_Problem statement_. Would you transcribe exactly the lines from the beginning of the records below through the line with "BMW Seria 5 520d xDrive M Sport", both included, omitting the pictures?
══ Information supplied
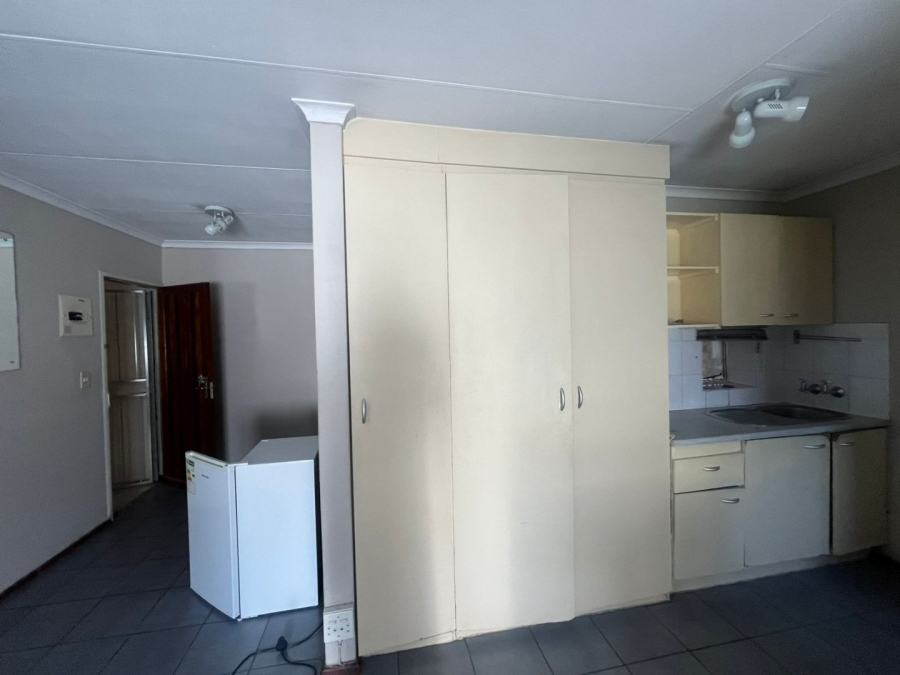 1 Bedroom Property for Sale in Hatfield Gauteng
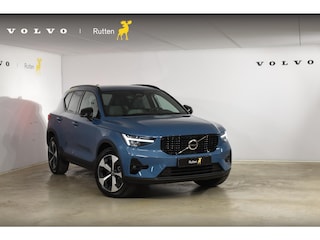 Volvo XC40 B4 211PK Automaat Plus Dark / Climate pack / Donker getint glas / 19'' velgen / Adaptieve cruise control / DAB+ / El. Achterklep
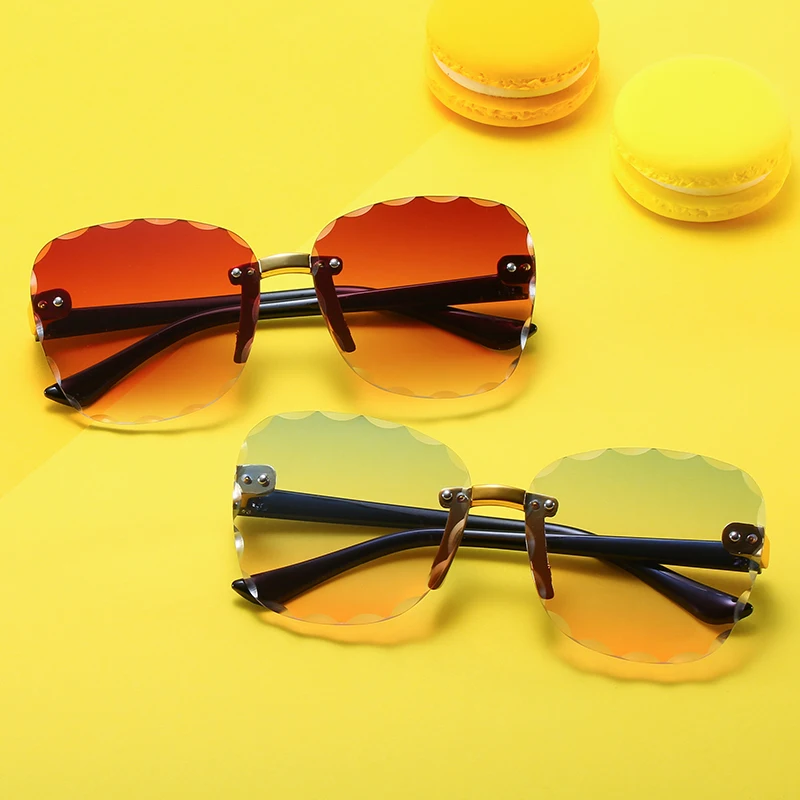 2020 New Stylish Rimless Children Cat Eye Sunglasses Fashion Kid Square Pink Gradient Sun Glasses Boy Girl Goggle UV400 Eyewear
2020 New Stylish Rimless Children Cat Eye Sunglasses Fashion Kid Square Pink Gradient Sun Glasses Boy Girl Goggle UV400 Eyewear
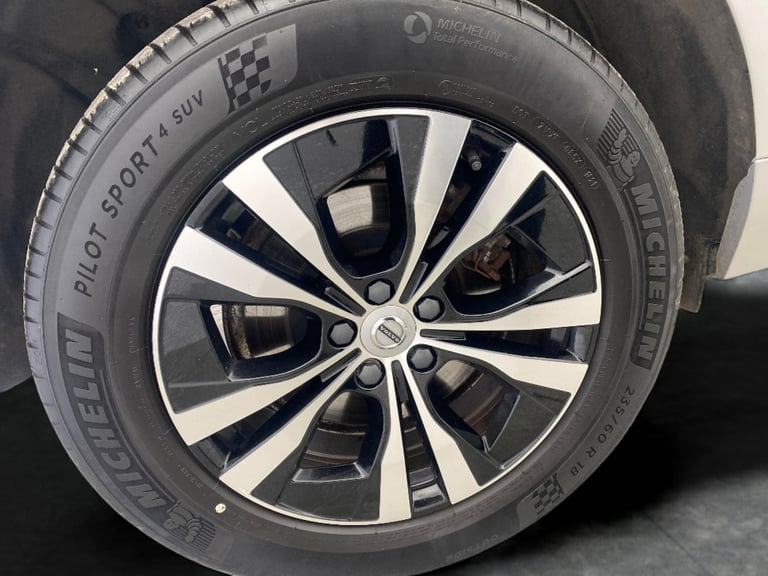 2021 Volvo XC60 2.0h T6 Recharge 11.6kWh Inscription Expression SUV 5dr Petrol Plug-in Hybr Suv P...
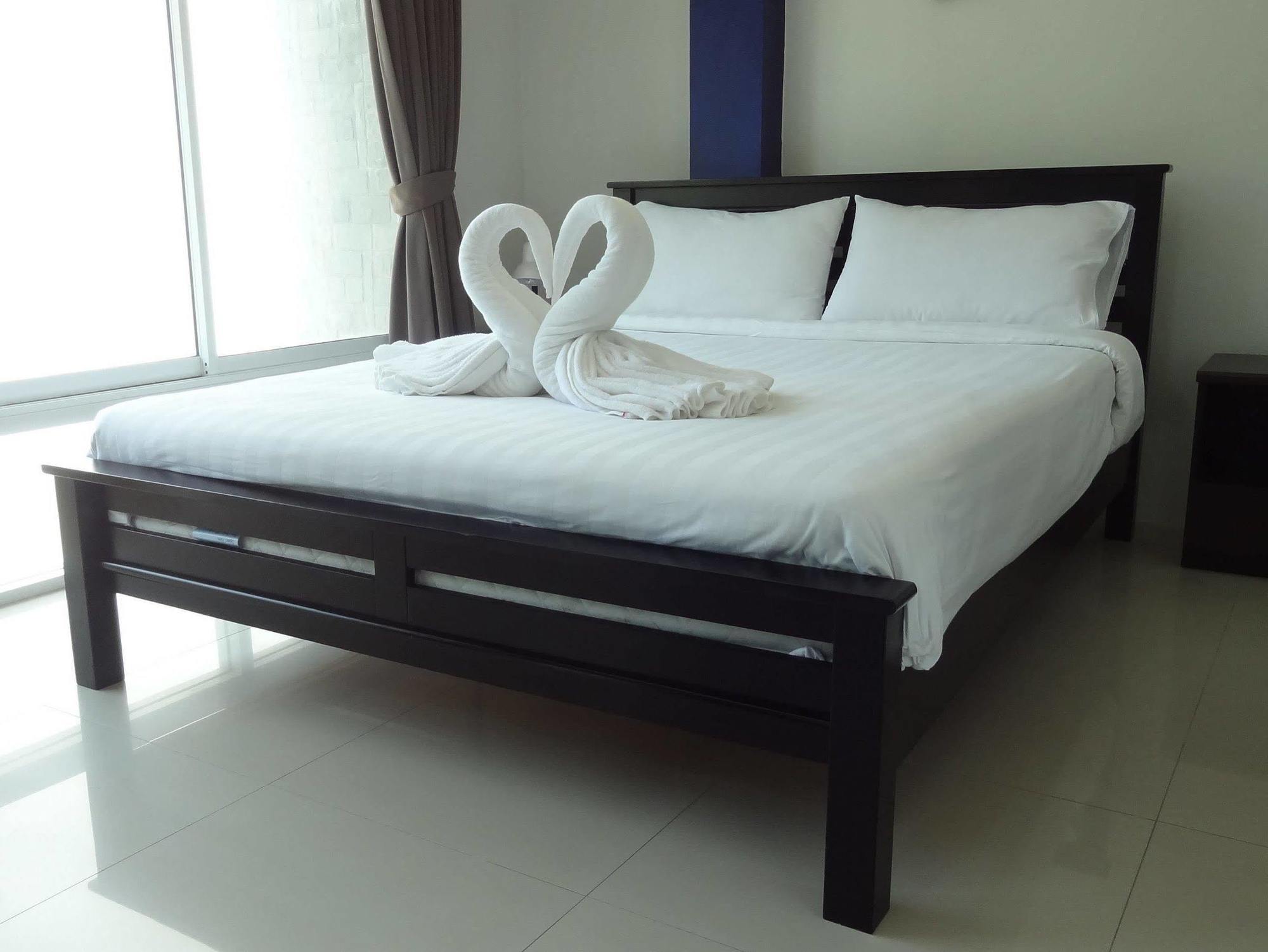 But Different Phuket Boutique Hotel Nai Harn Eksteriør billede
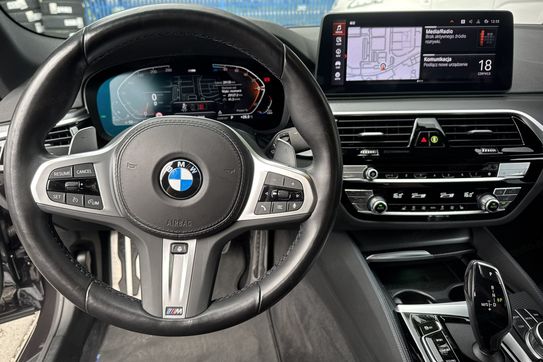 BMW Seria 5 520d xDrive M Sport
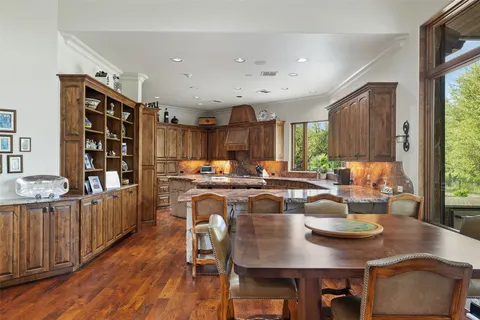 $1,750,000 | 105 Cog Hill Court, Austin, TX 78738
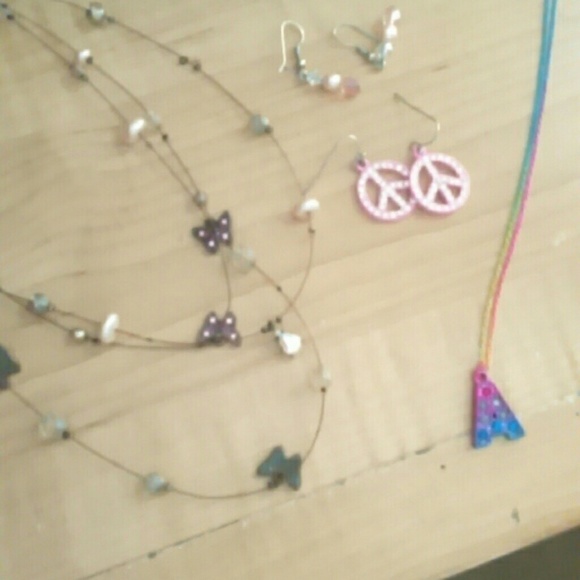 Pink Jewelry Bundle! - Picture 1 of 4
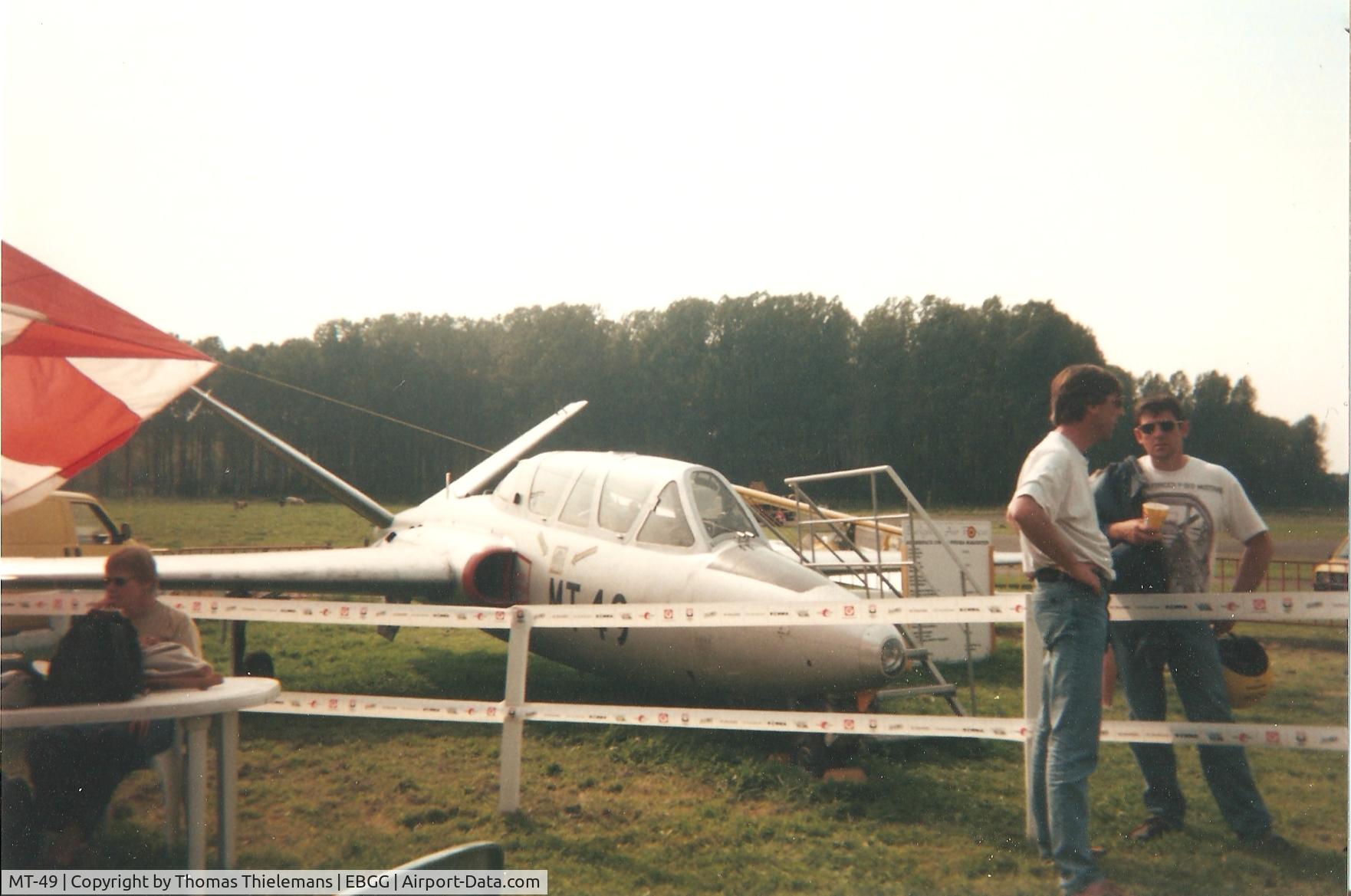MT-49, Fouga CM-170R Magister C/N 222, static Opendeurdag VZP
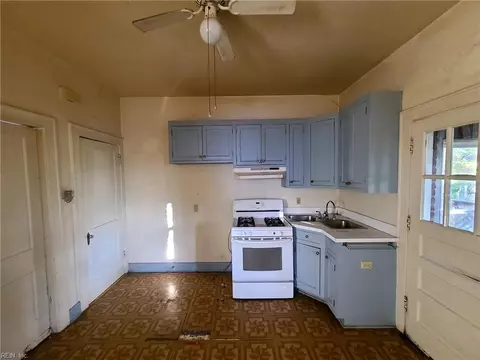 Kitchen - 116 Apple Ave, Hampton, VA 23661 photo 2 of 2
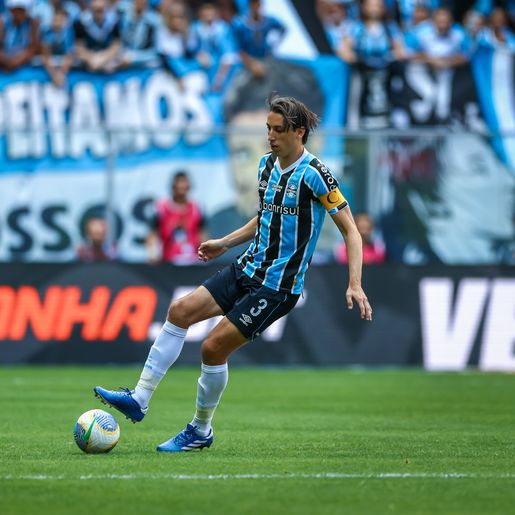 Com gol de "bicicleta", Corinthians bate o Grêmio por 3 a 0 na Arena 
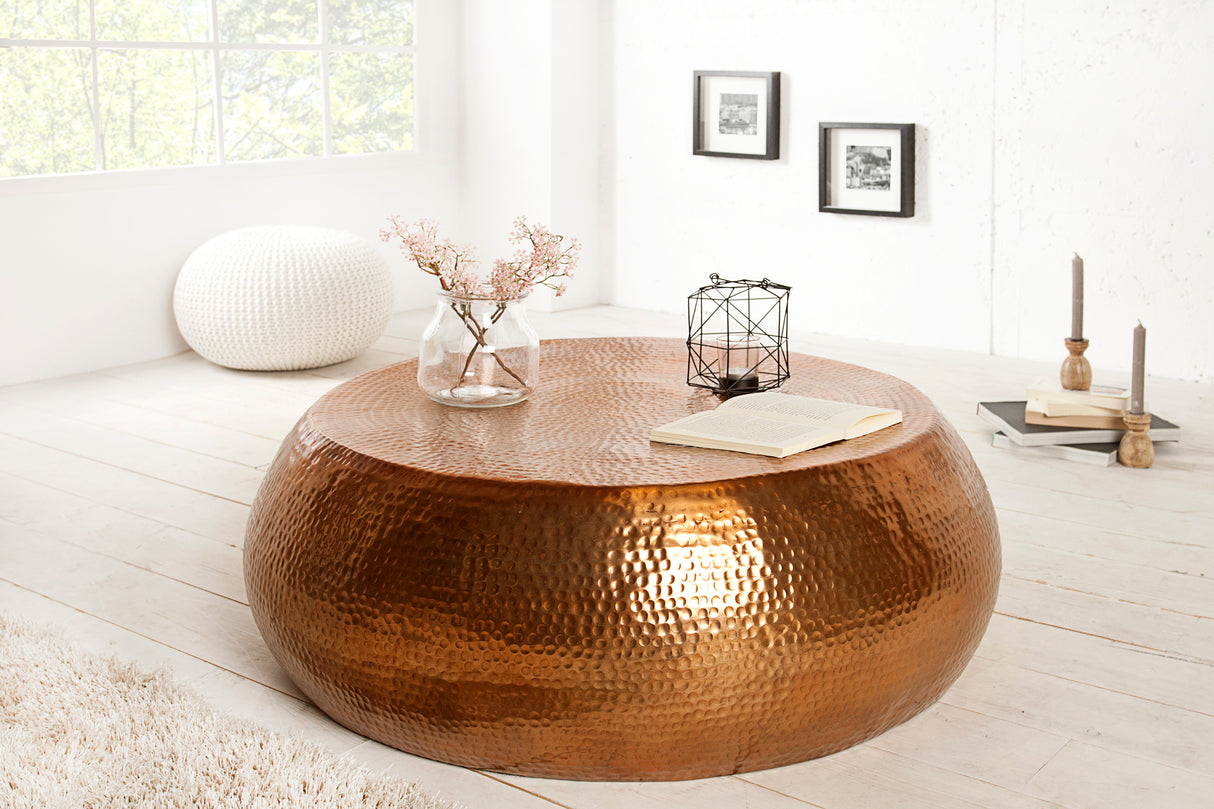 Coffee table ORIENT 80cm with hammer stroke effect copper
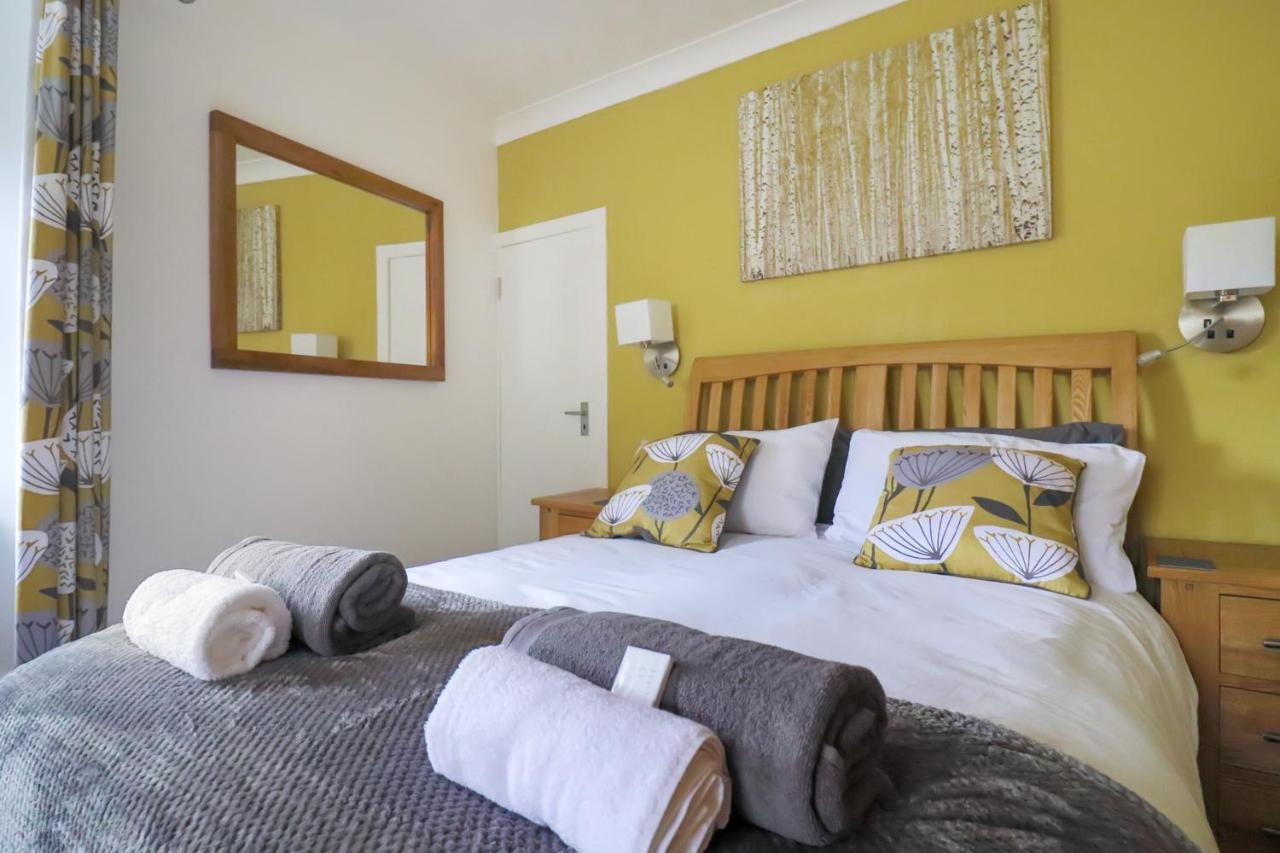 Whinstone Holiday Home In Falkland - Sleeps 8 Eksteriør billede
════
_Answer for this exercise_.
 1 Bedroom Property for Sale in Hatfield Gauteng
 Volvo XC40 B4 211PK Automaat Plus Dark / Climate pack / Donker getint glas / 19'' velgen / Adaptieve cruise control / DAB+ / El. Achterklep
 2020 New Stylish Rimless Children Cat Eye Sunglasses Fashion Kid Square Pink Gradient Sun Glasses Boy Girl Goggle UV400 Eyewear
2020 New Stylish Rimless Children Cat Eye Sunglasses Fashion Kid Square Pink Gradient Sun Glasses Boy Girl Goggle UV400 Eyewear
 2021 Volvo XC60 2.0h T6 Recharge 11.6kWh Inscription Expression SUV 5dr Petrol Plug-in Hybr Suv P...
 But Different Phuket Boutique Hotel Nai Harn Eksteriør billede
 BMW Seria 5 520d xDrive M Sport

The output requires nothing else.